Dabei ist der Nerd, darauf weißt Kendall ausdrücklich hin, als männliche Identifikationsrolle durchaus zwiespältig. Per se gilt der Nerd als eher asexuell. Das erkannten zuerst Frauen, die in der Rolle von Nerdgirls versuchten, sich über Rollenklischees hinwegzusetzen: 1997 rief Amelia Wilson in ihrem NrrdGrrl! Manifest Frauen, die "irgendwie nicht reinpassen" auf, sich zusammenzutun. Die Website Suicidegirls.com will mit dem scheinbaren Widerspruch noch immer Kasse machen: Sexy Frauen mit Computer-Hobbys. Das förderte die Nerd-Pride-Bewegung: Ich bin stolz, ein Nerd zu sein. Seit 2006 wird von Spanien ausgehend, am 25. Mai der "Geek-Nerd Pride Day" gefeiert.
Warum der Nerd dann aber doch noch nicht in der Mitte der Gesellschaft angekommen ist, könnte auch an ganz anderen Mechanismen liegen, die Lori Kendall aufdeckte. Ihr fiel auf, wie oft die Nerd-Identität speziell einer stereotypen Identität des "schwarzen Mannes" entgegengesetzt wird. Neo und Morpheus, der Nerd Steve Urkel in der Sitcom "Alle unter einem Dach" - und eben auch im Nerd-HipHop. Der Nerd wird dort als Gegenstück zum schwarzen "Gangsta" gezeigt. Nirgendwo wird das deutlicher als im Video "White & Nerdy" von Musik-Komiker Weird Al Yankovic.

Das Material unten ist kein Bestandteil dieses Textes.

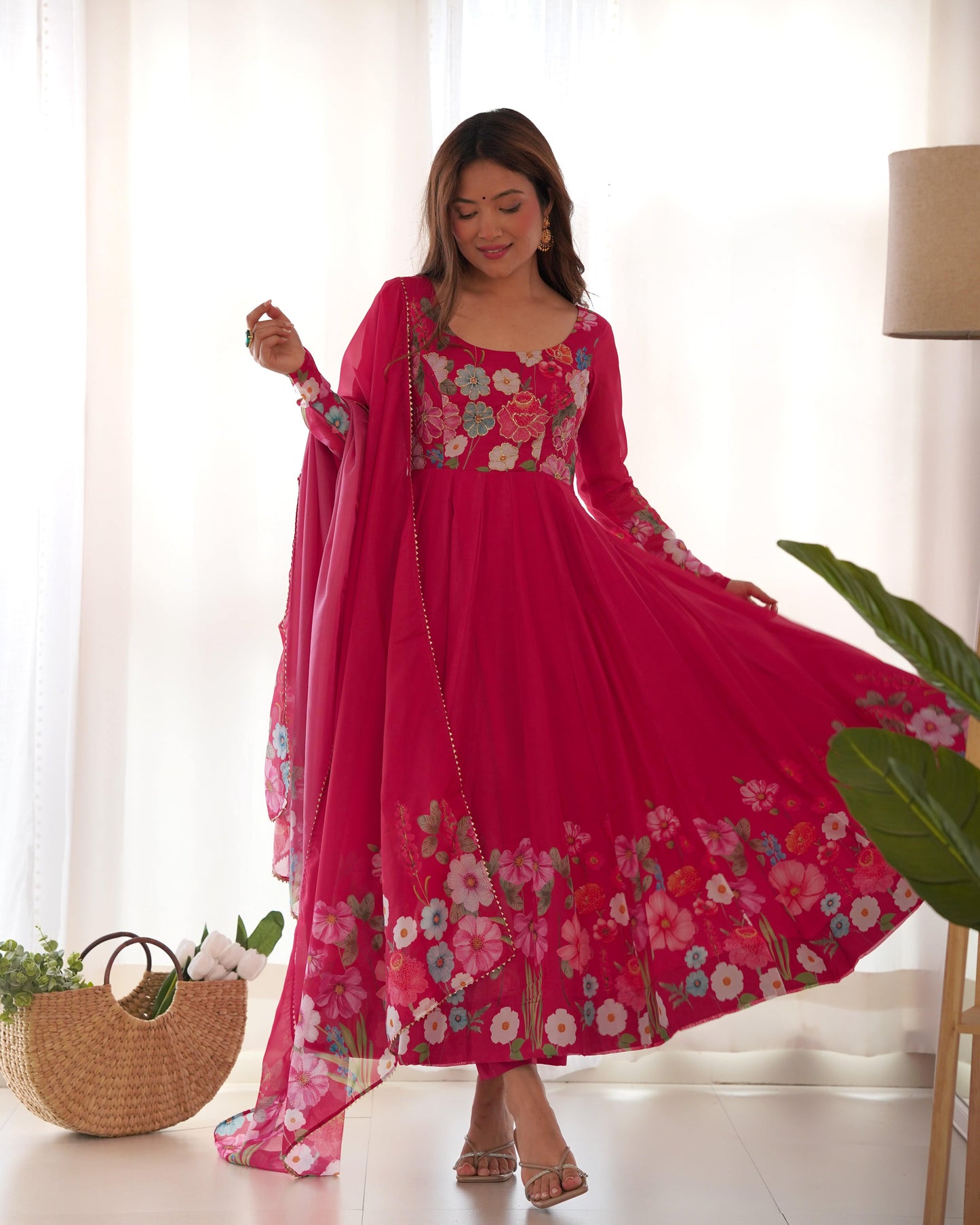 Breathtaking Organza Silk Floral Printed Designer Anarkali Pant Suit - INDIAN ELEGANCE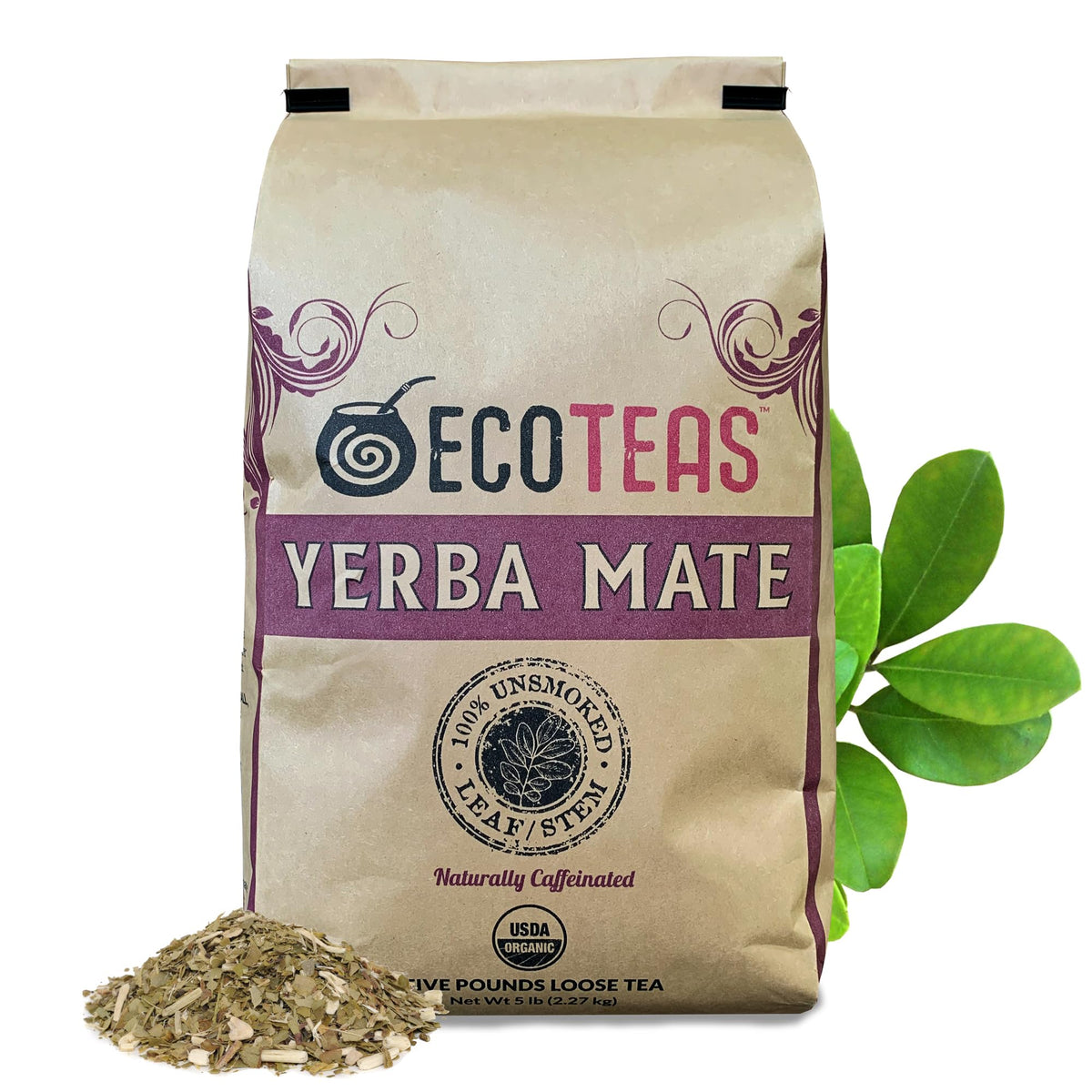 ECOTEAS Organic Yerba Mate Loose Leaf Tea – Unsmoked Detox & Natural Energy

Dort versucht ein weißer Vorstadtkerl von den großen schwarzen Jungs akzeptiert zu werden. Das klappt freilich nicht. Selbsturteil: zu weiß und nerdig. Mit dieser Parodie des HipHop-Stücks "Ridin" von Chamillionaire und Krayzie Bone setzte Yankovic dem Nerdcore ein Denkmal, das es bis in die Top 10 der amerikanischen Billboard-Charts schaffte.
Auch MC Frontalot hat mit Akzeptanz-Angelegenheiten zu kämpfen. Zwar gewinnt er regelmäßig HipHop-Battles, bei denen sich Rapper gegenseitig mit den perfekten Reimen und dem besten Flow übertrumpfen wollen. Aber eines fehlt ihm noch: das Strafregister, zentrales Element jeder Gangsta-Karriere. In seinem Stück "Crime Spree" kommt er zur Selbsterkenntnis: "MC Frontalot, ein Erzbösewicht, den die Polizei nicht sucht. Bin schon seit Tagen außer Kontrolle, irgendwann müssen sie mich doch kriegen. Bin die größte Gefahr weit und breit: Ich mülle, ich lunger, reiß Etiketten von Matratzen. Und erst die ganzen raubkopierten MP3s, Arrrr." Für eine Haftstrafe macht der Nerd-Rapper einfach alles, sogar ohne Helm Fahrrad fahren und bei Rot über die Ampel gehen. Trotzdem: Knast? Keine Chance. Der Nerd bleibt eben ein Außenseiter. Und das ist auch gut so.